Kazakhstan's Valve Plant To Manufacture Equipment For Caspian Pipeline Consortium
The corresponding document, aimed at strengthening import substitution in industrial equipment, was signed by Alexander Budris, General Director of the plant, and Nikolay Gorban, General Director of the CPC.
Under the agreement, the plant will supply CPC-K with high-tech materials, components, and equipment of local origin. The parties will also cooperate on maintenance, modernization, and equipment testing, as well as jointly develop and implement innovative technological solutions.
The partnership focuses on boosting domestic production of shut-off valves, pumping units, and electric motors, as well as expanding the use of Kazakhstan-made equipment across trunk oil pipeline infrastructure.
The CPC is responsible for approximately 80% of Kazakhstan's crude oil exports, a key OPEC+ member.
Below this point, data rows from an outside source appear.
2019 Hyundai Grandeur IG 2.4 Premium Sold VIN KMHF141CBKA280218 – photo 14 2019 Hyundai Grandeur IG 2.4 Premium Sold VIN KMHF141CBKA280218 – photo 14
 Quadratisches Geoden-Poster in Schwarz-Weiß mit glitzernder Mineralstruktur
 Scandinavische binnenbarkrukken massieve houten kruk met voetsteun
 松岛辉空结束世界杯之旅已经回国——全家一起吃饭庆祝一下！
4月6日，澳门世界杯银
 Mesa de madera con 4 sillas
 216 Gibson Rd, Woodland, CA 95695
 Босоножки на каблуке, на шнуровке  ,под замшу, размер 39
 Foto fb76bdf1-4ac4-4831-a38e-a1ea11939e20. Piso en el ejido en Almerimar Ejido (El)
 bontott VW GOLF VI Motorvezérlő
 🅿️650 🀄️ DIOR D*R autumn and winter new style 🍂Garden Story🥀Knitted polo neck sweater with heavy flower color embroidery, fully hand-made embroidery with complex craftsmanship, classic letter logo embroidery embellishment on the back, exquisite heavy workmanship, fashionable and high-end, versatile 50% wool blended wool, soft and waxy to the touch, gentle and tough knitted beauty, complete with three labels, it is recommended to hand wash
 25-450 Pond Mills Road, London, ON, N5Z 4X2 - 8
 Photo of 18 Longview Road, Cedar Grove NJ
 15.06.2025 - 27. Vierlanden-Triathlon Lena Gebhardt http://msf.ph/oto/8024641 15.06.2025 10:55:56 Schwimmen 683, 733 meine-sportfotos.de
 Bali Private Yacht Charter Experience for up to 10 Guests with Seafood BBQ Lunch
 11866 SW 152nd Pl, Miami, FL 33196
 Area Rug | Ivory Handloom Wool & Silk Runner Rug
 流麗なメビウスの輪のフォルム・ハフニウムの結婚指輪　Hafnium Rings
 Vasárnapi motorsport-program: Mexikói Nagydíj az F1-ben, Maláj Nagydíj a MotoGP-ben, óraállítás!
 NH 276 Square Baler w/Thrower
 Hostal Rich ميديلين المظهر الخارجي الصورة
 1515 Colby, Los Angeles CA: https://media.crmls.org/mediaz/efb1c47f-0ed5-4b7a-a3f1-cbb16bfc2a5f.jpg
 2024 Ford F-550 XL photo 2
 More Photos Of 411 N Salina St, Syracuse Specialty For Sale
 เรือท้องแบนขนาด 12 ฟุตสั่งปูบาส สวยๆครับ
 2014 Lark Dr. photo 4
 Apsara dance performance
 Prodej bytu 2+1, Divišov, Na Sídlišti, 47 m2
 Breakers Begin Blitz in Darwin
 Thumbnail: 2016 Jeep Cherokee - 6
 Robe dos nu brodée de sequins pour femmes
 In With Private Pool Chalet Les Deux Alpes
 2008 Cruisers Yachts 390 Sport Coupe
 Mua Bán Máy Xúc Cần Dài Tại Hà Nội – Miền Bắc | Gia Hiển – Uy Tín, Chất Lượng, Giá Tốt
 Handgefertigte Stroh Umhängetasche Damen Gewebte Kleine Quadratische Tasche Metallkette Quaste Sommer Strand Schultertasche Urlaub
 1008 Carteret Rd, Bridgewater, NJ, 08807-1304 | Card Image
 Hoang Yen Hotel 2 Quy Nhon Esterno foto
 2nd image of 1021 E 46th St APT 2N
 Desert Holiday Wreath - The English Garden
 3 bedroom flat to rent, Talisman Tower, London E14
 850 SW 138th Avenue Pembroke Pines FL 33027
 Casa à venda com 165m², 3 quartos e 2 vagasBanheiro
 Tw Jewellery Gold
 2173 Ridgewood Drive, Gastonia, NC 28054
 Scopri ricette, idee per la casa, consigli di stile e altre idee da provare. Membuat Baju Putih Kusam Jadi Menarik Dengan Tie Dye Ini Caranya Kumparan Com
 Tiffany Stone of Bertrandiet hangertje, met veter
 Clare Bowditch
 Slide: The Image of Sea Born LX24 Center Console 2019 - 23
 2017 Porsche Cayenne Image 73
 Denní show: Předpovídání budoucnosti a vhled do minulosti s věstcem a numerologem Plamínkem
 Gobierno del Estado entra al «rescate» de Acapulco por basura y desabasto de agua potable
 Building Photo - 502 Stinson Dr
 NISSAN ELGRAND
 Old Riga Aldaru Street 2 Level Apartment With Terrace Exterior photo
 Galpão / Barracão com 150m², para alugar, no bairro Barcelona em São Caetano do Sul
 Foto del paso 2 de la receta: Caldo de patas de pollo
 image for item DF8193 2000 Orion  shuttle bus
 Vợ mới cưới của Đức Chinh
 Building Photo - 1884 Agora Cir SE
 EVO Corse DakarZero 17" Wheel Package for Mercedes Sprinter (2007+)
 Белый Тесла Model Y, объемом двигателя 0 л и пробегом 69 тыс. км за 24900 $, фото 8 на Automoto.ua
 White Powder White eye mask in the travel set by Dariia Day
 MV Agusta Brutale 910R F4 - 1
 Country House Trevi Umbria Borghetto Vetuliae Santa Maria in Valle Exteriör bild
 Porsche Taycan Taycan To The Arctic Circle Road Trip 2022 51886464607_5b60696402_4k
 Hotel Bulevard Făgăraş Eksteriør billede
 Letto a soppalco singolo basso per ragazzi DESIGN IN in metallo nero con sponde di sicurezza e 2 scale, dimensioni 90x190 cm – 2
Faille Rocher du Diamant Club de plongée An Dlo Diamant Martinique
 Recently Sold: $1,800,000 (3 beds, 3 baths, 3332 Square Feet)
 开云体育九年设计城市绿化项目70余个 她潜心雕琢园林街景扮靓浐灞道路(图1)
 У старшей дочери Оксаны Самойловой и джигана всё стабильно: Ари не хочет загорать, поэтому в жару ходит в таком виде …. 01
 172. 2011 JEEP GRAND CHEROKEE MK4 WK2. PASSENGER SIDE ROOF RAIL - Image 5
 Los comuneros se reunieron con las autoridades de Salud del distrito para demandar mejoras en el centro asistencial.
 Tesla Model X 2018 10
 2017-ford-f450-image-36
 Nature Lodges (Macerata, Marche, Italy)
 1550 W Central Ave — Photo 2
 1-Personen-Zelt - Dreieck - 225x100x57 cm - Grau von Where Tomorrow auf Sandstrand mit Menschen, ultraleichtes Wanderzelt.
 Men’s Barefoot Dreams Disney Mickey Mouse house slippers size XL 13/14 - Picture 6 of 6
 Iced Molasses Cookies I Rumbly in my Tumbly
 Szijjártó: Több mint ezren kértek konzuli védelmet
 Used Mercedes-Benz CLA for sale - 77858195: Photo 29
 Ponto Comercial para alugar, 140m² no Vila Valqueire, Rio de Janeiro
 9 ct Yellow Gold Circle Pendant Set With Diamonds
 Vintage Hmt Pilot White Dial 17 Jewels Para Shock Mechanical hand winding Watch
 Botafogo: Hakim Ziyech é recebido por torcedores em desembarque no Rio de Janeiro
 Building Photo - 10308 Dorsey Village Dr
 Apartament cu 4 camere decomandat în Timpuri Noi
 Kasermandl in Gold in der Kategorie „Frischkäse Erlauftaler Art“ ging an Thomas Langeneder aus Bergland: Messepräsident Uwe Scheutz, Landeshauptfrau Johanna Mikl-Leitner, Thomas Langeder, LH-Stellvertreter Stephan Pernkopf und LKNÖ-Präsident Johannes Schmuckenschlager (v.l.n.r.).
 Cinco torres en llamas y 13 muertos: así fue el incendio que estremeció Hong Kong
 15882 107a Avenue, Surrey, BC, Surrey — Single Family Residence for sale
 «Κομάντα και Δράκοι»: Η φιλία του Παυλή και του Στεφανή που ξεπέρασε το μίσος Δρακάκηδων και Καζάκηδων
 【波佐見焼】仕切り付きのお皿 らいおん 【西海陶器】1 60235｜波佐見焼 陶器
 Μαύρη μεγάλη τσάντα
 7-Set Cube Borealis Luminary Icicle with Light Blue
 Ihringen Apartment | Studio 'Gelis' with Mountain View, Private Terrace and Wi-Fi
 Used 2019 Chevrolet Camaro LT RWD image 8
It facilitates the transportation of oil from three major Kazakhstani fields: Tengiz, Kashagan, and Karachaganak.
CPC's shareholders include Russia (via Transneft) with a 24% stake, KazMunayGas with 19%, Chevron with 15%, Lukoil with 12.5%, Mobil Caspian Pipeline Consortium with 7.5%, Rosneft-Shell Caspian Ventures Limited with 7.5%, along with other participants.